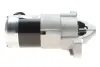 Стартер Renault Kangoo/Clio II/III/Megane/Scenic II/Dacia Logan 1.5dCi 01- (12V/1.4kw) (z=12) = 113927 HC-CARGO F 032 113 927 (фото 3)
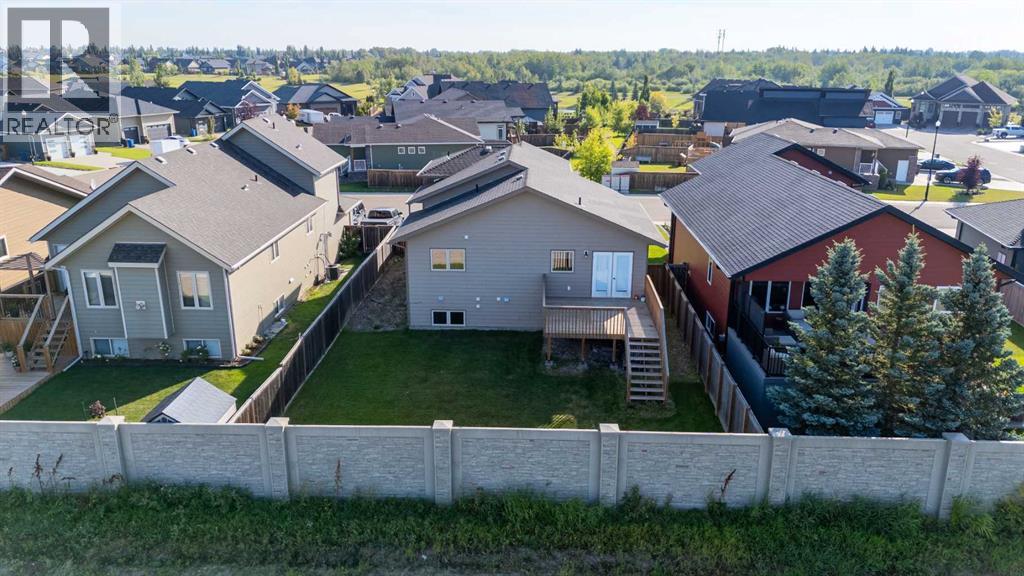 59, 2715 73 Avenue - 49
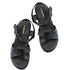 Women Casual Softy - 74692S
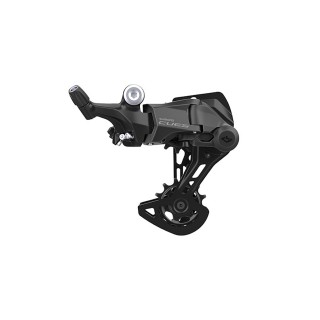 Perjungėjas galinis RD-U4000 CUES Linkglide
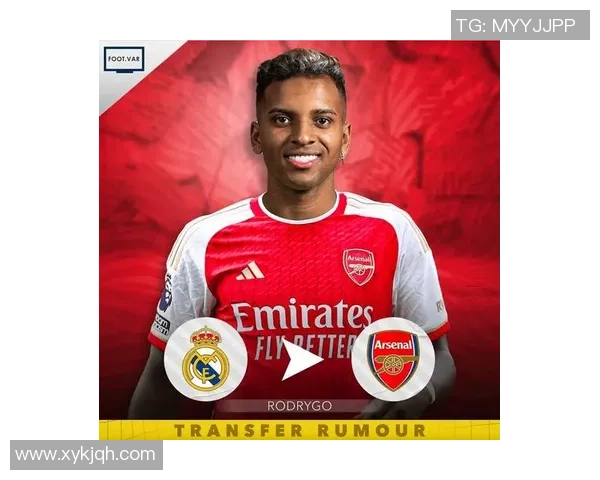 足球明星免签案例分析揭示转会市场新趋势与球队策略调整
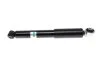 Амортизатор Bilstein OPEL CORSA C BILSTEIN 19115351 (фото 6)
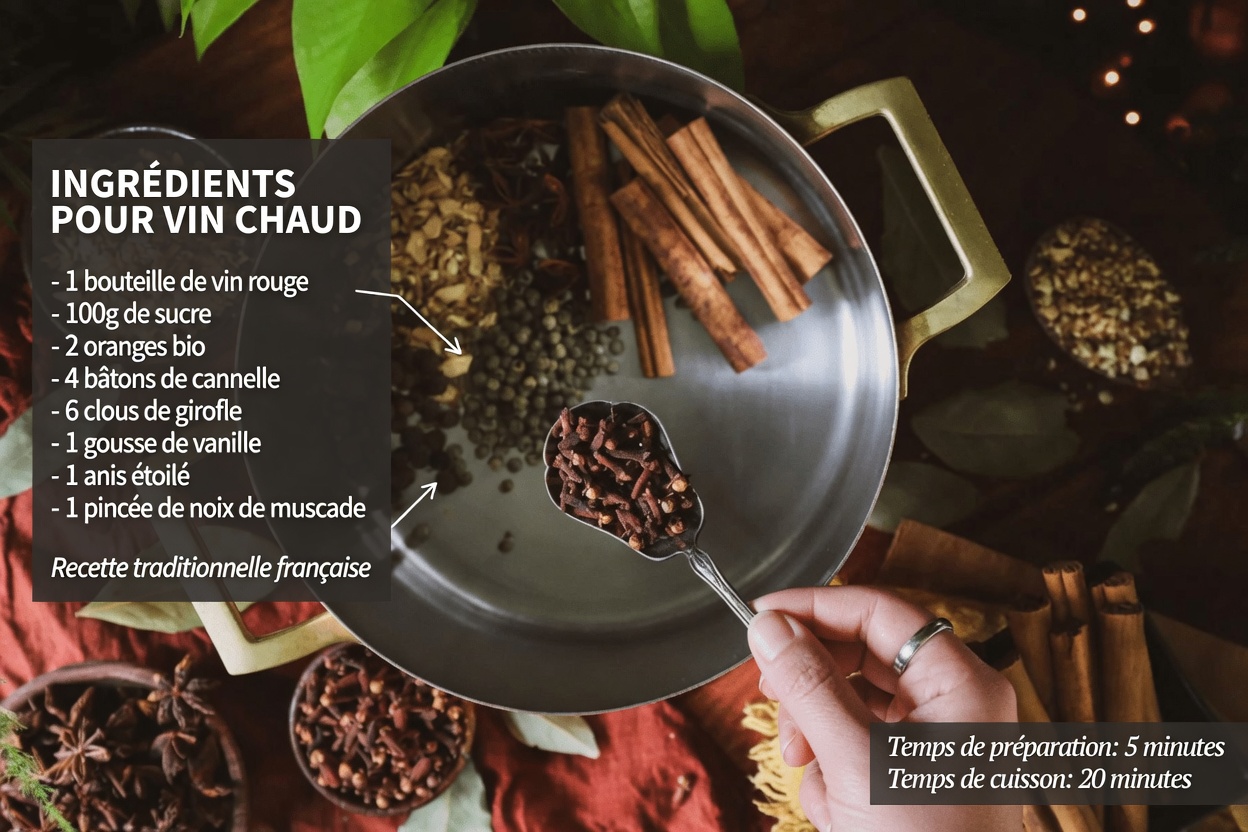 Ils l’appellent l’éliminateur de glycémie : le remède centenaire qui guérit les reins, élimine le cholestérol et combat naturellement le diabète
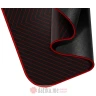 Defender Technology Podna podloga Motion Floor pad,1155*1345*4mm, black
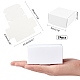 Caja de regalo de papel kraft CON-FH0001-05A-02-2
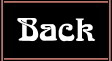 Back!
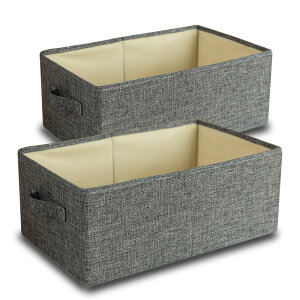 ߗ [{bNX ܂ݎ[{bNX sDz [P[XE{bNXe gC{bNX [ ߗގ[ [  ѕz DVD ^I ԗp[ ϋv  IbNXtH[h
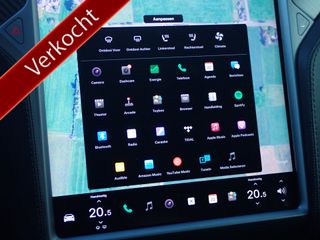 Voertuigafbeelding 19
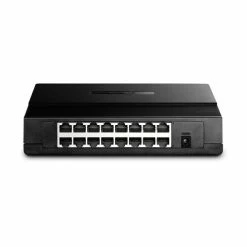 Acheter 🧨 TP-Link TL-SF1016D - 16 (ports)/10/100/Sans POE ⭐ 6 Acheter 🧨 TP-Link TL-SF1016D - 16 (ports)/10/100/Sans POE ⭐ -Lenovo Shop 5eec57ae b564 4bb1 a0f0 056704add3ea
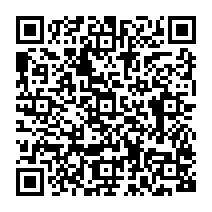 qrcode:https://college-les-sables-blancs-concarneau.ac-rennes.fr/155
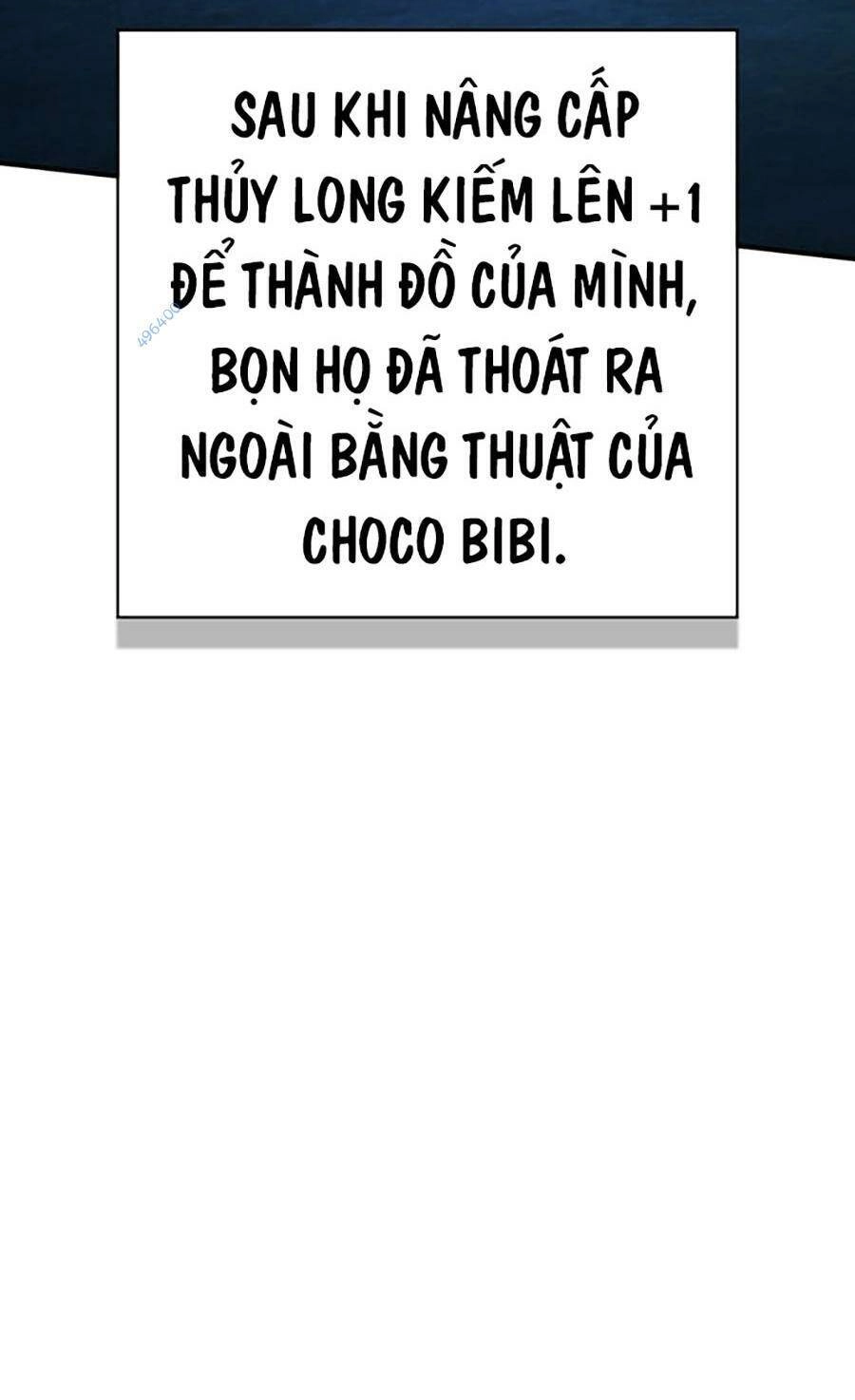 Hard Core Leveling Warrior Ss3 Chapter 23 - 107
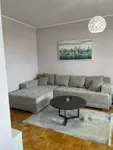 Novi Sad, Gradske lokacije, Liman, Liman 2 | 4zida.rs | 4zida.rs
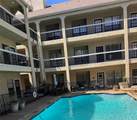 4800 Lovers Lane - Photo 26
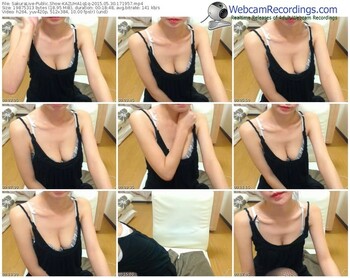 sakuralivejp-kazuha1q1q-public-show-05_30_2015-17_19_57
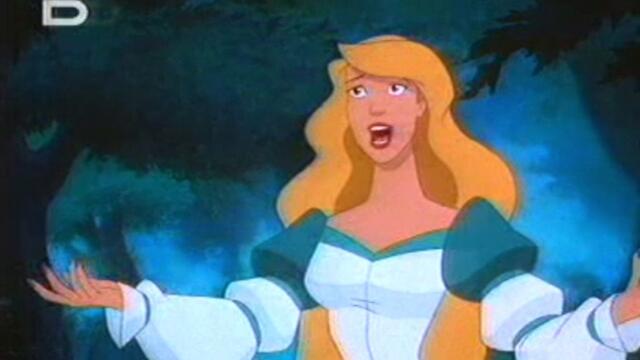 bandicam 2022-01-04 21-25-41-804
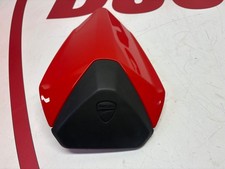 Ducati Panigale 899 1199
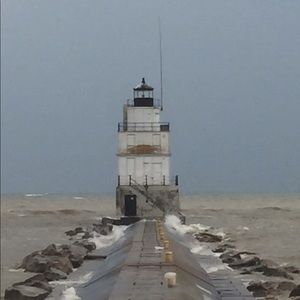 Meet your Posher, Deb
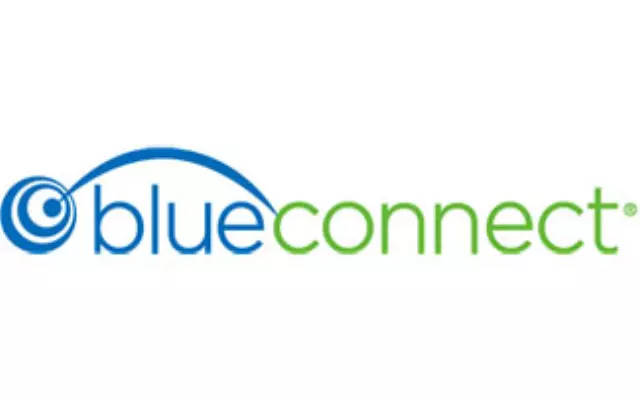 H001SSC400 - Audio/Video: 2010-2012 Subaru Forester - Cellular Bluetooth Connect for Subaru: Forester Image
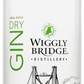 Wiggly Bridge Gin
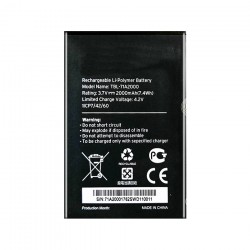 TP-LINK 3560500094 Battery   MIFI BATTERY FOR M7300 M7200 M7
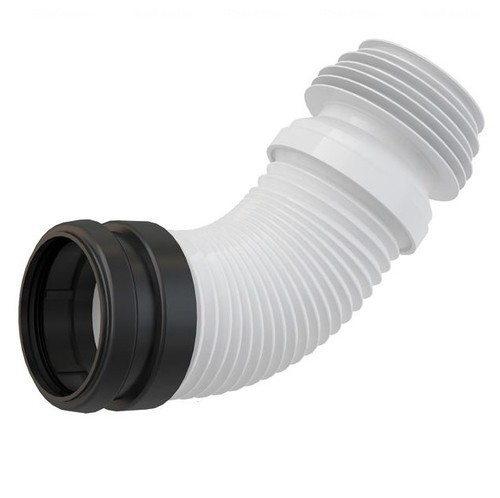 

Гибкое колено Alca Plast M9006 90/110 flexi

◆ WHAT NEEDS TO BE DONE: Everything between and including the line above containing "Voertuigafbeelding 19" and the line containing "TP-LINK 3560500094 Battery" should be reproduced exactly, with pictures excluded.

◆ ANSWER:
 Voertuigafbeelding 19
 Acheter 🧨 TP-Link TL-SF1016D - 16 (ports)/10/100/Sans POE ⭐ 6 Acheter 🧨 TP-Link TL-SF1016D - 16 (ports)/10/100/Sans POE ⭐ -Lenovo Shop 5eec57ae b564 4bb1 a0f0 056704add3ea
 qrcode:https://college-les-sables-blancs-concarneau.ac-rennes.fr/155
 Hard Core Leveling Warrior Ss3 Chapter 23 - 107
 Novi Sad, Gradske lokacije, Liman, Liman 2 | 4zida.rs | 4zida.rs
 4800 Lovers Lane - Photo 26
 sakuralivejp-kazuha1q1q-public-show-05_30_2015-17_19_57
 bandicam 2022-01-04 21-25-41-804
 Ducati Panigale 899 1199
 Meet your Posher, Deb
 H001SSC400 - Audio/Video: 2010-2012 Subaru Forester - Cellular Bluetooth Connect for Subaru: Forester Image
 Wiggly Bridge Gin
 TP-LINK 3560500094 Battery   MIFI BATTERY FOR M7300 M7200 M7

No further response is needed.